Rétropédalage d’Alger sur les sanctions contre les entreprises françaises

Le projet de sanctions qu’Alger envisageait d’imposer à la France en réaction à la reconnaissance par cette dernière de la souveraineté marocaine sur le Sahara est aujourd’hui en passe de devenir un nouvel exemple des errements stratégiques du régime algérien. En effet, alors que cette initiative se voulait une riposte symbolique et politique, elle risque de porter un coup sévère à l’économie algérienne, qui repose en grande partie sur ses liens commerciaux avec la France. Ainsi, le régime algérien opte pour un rétropédalage.

La révélation de cette intention de sanctions a été rendue publique par une fuite inattendue dans les médias. Le document émanant de l’Association des banques et institutions financières algériennes (Abef) s’est rapidement propagé, évoquant des restrictions envers la France similaires aux mesures déjà prises à l’encontre de l’Espagne.
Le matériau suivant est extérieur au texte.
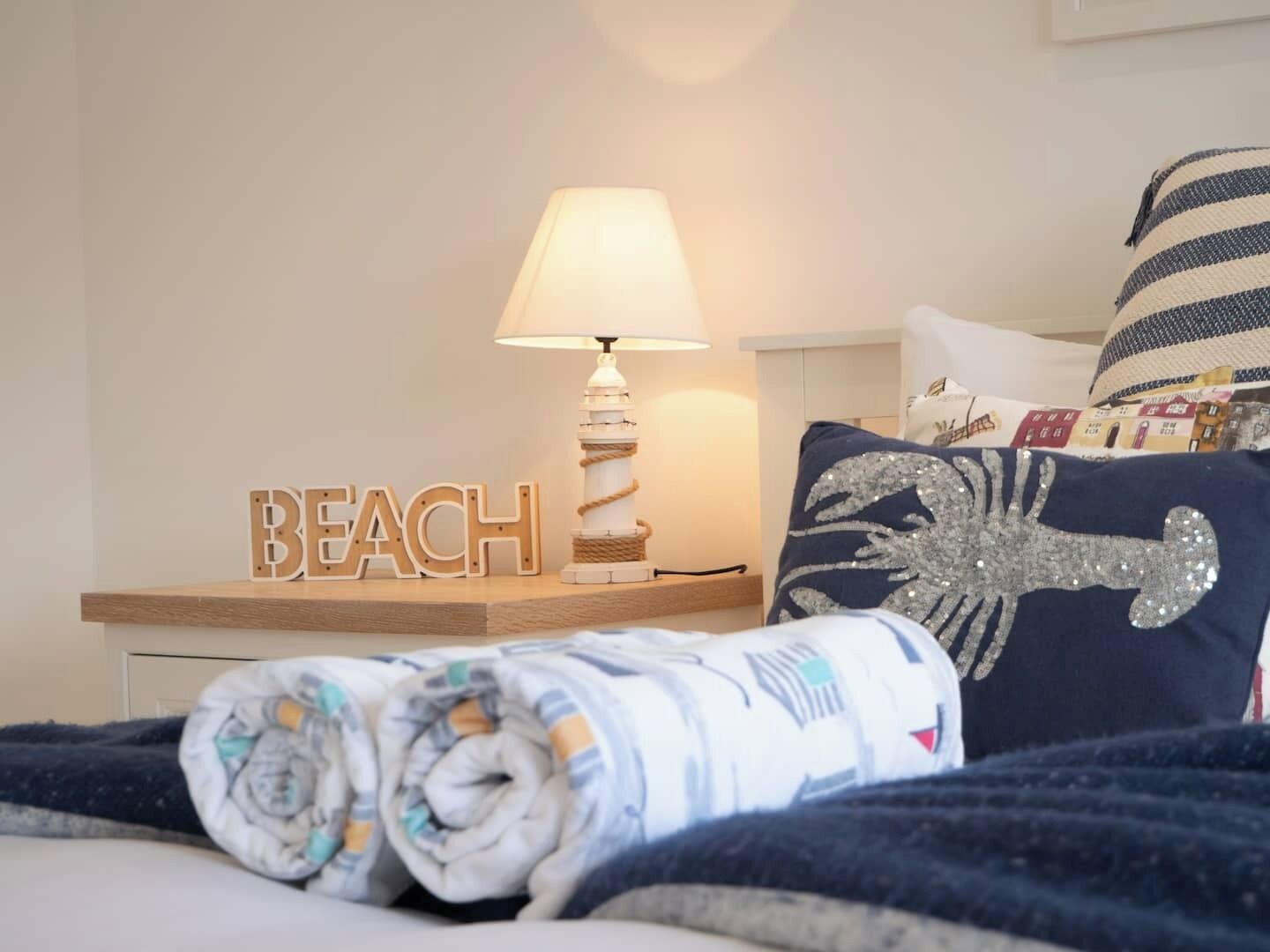 A neatly made bed with a rolled-up blanket, a lamp, a 'BEACH' sign, and a decorative pillow with a seahorse design.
Ces dernières, également controversées, avaient été appliquées après que l’Espagne ait pris position en faveur de la souveraineté marocaine sur le Sahara, provoquant la fureur d’Alger.

Malgré une réaction officielle qualifiant ce document de « sans fondement », des doutes persistent. Les entreprises françaises présentes en Algérie, conscientes des précédents avec l’Espagne, ont aussitôt adopté une attitude de prudence face à cette incertitude diplomatique. L’ancien ambassadeur de France en Algérie, Xavier Driencourt, a publiquement évoqué cette situation, renforçant le sentiment de crispation au sein des milieux d’affaires français.

Cette révélation survient dans un contexte où le président français Emmanuel Macron a renforcé son soutien au Maroc à travers une lettre officielle adressée au roi Mohammed VI et une visite d’État marquante fin octobre. Un geste qui, s’il symbolise une avancée diplomatique importante entre Paris et Rabat, est perçu comme une véritable provocation par les autorités algériennes.

Toutefois, au-delà de l’orgueil politique, l’Algérie semble avoir peu de marge de manœuvre pour imposer de réelles sanctions sans se nuire à elle-même. La France, principal partenaire économique européen de l’Algérie, représente un acteur incontournable dans les secteurs clés de l’économie algérienne, tels que l’énergie, l’industrie et l’importation de biens de consommation. En cas de rupture commerciale, c’est donc l’Algérie qui pourrait pâtir le plus de cette rupture, et ce malgré son rôle de fournisseur énergétique.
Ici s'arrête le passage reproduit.